___ Input data ___
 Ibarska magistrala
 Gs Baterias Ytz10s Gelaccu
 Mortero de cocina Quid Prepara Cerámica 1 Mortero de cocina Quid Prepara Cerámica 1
___
**Task details:** Including any blank lines, repeat the data exactly.

**Written answer:**
 Ibarska magistrala
 Gs Baterias Ytz10s Gelaccu
 Mortero de cocina Quid Prepara Cerámica 1 Mortero de cocina Quid Prepara Cerámica 1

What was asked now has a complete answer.